Domestic Competitors

Domestic investment banks such as Beijing-based Citic Securities Co. (6030), the top-ranked equity underwriter of yuan- denominated shares last year, have seen their bankers’ pay fall 5 percent to 10 percent a year since 2010, said Erick Zhou, a senior manager of banking and finance in Beijing at Lloyd Morgan Executive, a division of Clarius Group Ltd. (CND) Total compensation last year ranged from 2.5 million yuan ($401,600) to 6 million yuan, he said.
“The pay of bankers from foreign firms has been more affected by market changes, and they have direct impact on both local players and foreign houses,” Zhou said.
China investment bankers’ compensation in 2012 fell about 15 percent to 20 percent from 2011, and was lower than 2008 and 2009 when more cash was paid upfront and fewer bonus payments were deferred, the five bankers said.

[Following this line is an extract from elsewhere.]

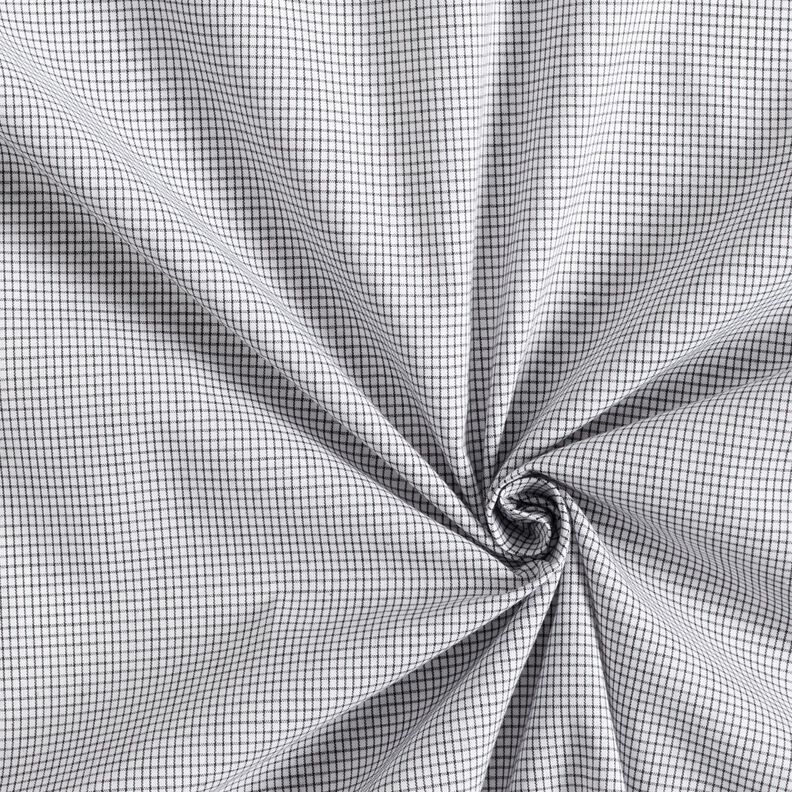 Shirt fabric fine grid check – black/white,  image number 3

The peak years were 2005 to 2007, they said.
This year, “the downward trend of Chinese banking salaries,” particularly at senior levels, is increasing because of “the paucity of deal flow,” said Astbury of Altus Partners. “No significant upturn can be envisaged until the third quarter of 2013, possibly later.”

‘Limited Opportunities’

Banks will need to diversify in order to rely more on fees from other services, including high-yield bonds and structured deals, the bankers said. Those who have only IPO coverage and execution skills may be forced out in the next two years unless public listings pick up again, said I Search Worldwide’s Hoon.
“Pressure to reduce fees, exacerbated by limited opportunities, are a reality facing China bankers,” Hoon said. “There is a need to diversify competency and augment fee income from sources other than IPOs. Bankers who don’t have such specialty skills and knowledge will be eased out.”
Fees from bond underwriting rose to a three-year high of $919 million last year, while income from syndicated loans jumped to a record $216 million, almost quadruple the $57 million of 2010, the Freeman data show.

Future Hope

“The bankers had been paid according to performance and rather than expectation or perceived market value,” Brun said. “As things stand at present, the economics around the China investment-banking business doesn’t lend itself to paying China bankers a significant premium.”
Premier Wen Jiabao today set a growth target of 7.5 percent for 2013 as the nation seeks to end reliance on foreign investment and exports that in the past three decades produced average annual growth of 10 percent. Chinese business leaders have also called on the government to increase the role of private investment in the economy.
“The best is yet to come for China,” Next Capital’s Courtis said. “Think of the vast and powerful development of the private sector in China. Some of these privately owned firms will become global players, raising equity, debt and doing M&A. They will challenge the status quo.”